学生時代、とても親しい沖縄の友人がいた。
もう、半世紀も前のことで
沖縄が本土復帰する以前の頃である。
彼らは同志社大学の学生で
同じアパートで2年ほど一緒だった。
沖縄から船で鹿児島に渡り
列車で京都までやってきていた。
彼らが日本に(本土に)くるにはパスポートが必要であった。
彼らは沖縄でそこそこに裕福な家の出であったはずだが
京都での生活はかなり慎ましかった。
そんな彼らはいつもチョコレートをお土産に
帰省から戻ってきていた。
米軍払い下げのジーパンを買ってもらったこともある。
日本ではジーパン(ジーンズではない)は作業ズボンであり、
なかなか買えなかった。
彼らの思いは「本土復帰」であった。
自由に本土を往き来したい、そのことを繰り返し語り
「沖縄返還」の集会やデモに参加していたようだ。
takarazima















直木賞受賞作品である。
沖縄の戦後、復帰前夜、復帰後、
三つの章に分けて、沖縄の人の
暮らし、思いがフィクションとはいえ、
史実に赤裸々になぞられている。
「戦果アギャー」と呼ばれる米軍から奪った
戦利品を生活困窮者へ配るグループのリーダー「オンちゃん」、
弟の「レイ」、親友の「グスク」、恋人の「ヤマコ」が
主な登場人物。
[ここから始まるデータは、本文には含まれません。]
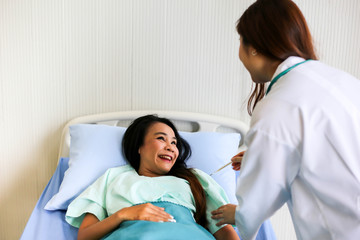 Obraz premium Beautiful Smiling medical doctor woman with stethoscope patient discussing,Healthcare concept.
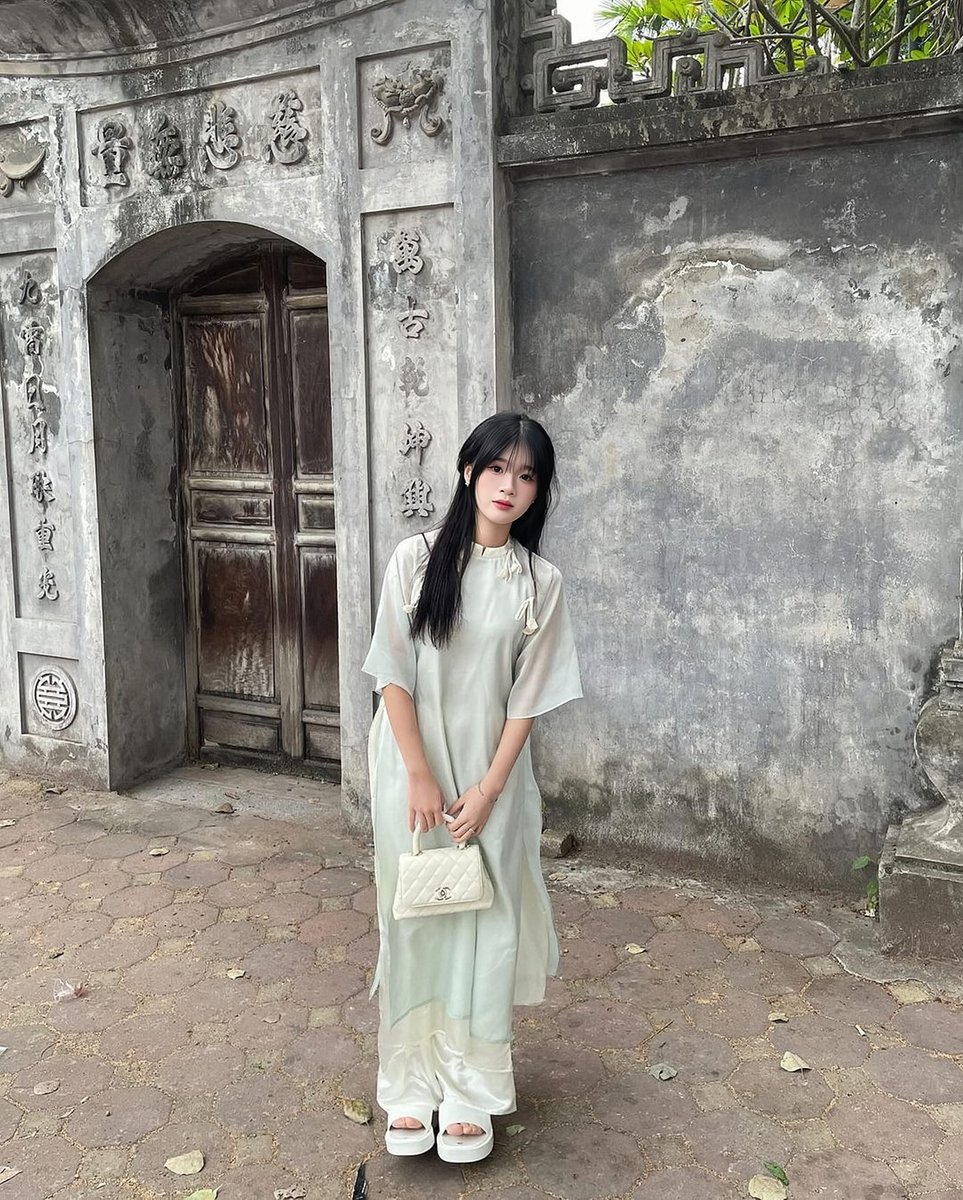 Nguyet Dermer The author's expertise shines through in this article. I'm indebted to you for your unwavering support. Thanks, bro.Nguyet Dermer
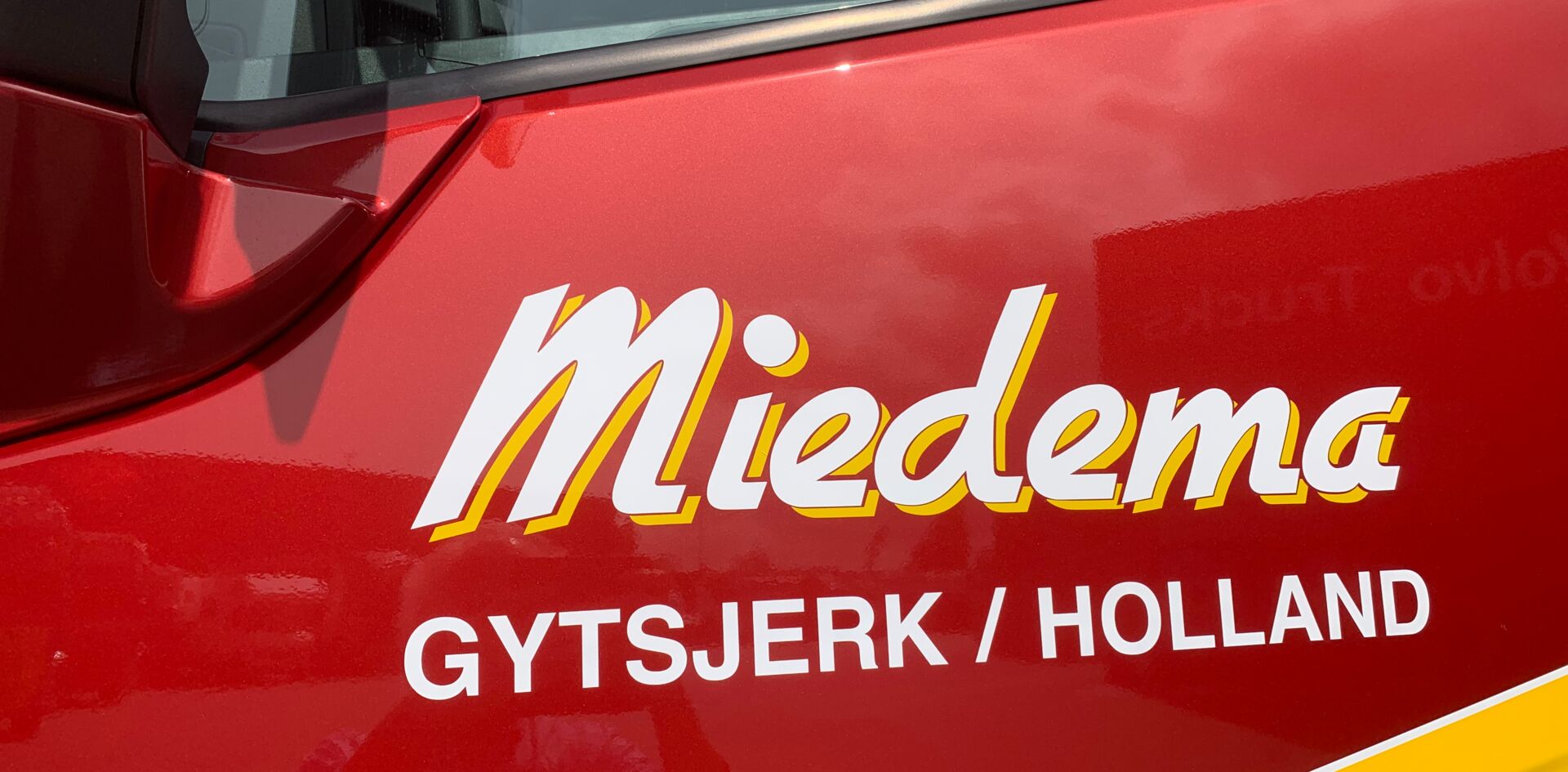 somethingsomething8zh6XU Aflevering Riethandel Miedema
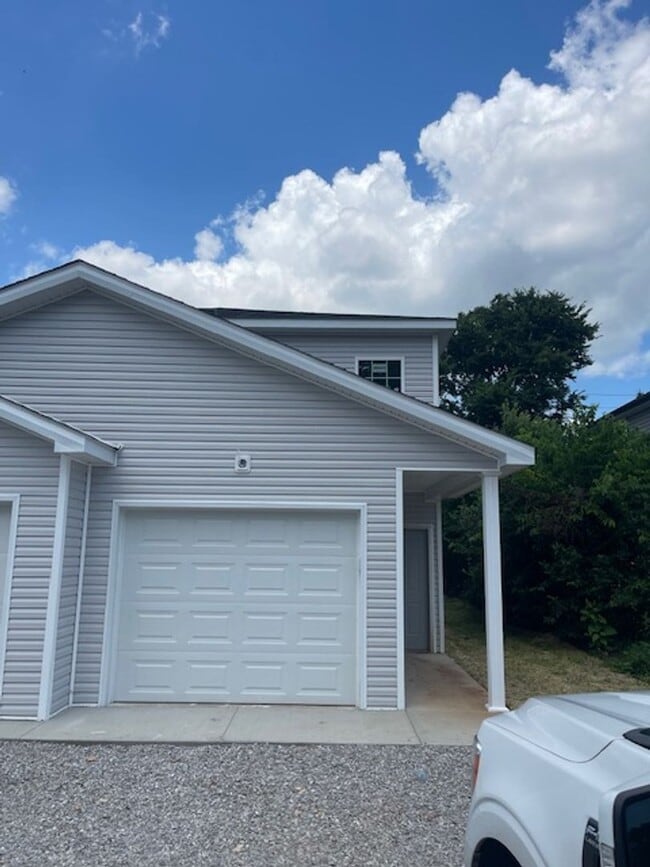Building Photo - BRAND NEW DUPLEX, GREAT LOCATION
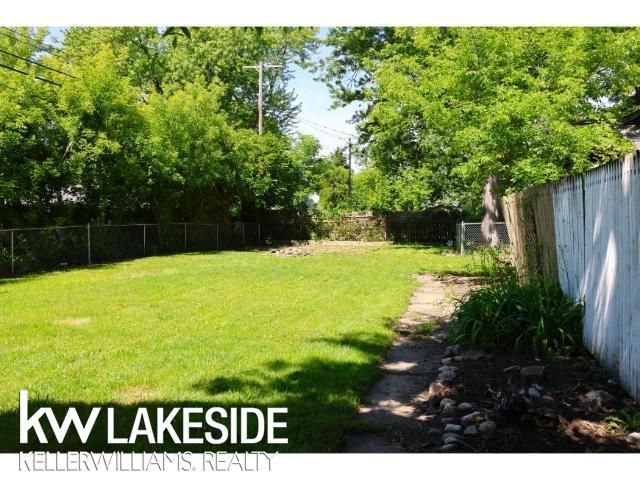1213 12th Street, Port Huron, MI 48060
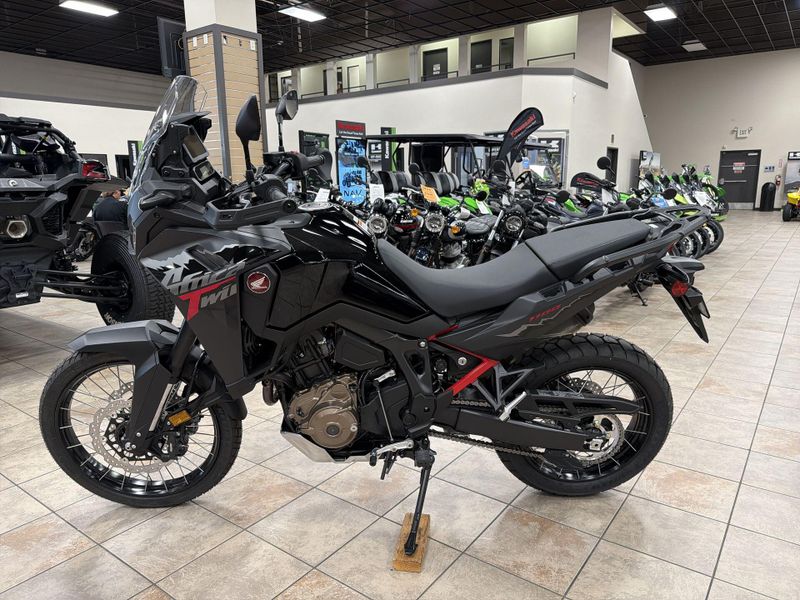 New 2026 Honda AFRICA TWIN DCT Image 14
なかでも「オンちゃん」は
人々からも神のように崇められていた。
その「オンちゃん」が米軍基地へ侵入した後、消える。
そこから3人の苦しい、逞しい生活が始まる。
「オンちゃん」への憧れと想いと
沖縄の戦後、復帰という時代が交錯する。
たとえば、「核なし、本土並み」復帰を叫ぶ
沖縄の人々を本土の政治家はまったく無視して
「復帰」が進んでいく。
この状況はまさにいまも同じである。
「辺野古反対」と叫んでも、
投票でそれが絶対多数になっても
本土はそれを無視している・・・。
沖縄はいまも戦後が続いているのだ。
この作家がそれを抉り出そうとしている。
スピード感溢れる、
エンターテイメントに優れた作品である。
しかも、沖縄の本質に迫っている物語である。
沖縄のいまと重ね合わせて読んでいきたい。

いま、学生時代を共に生きた
沖縄の友人がどうなっているか知らない。
彼らが語らなかったことが
この小説には溢れている。
それをあの友人だった2人と語ってみたい。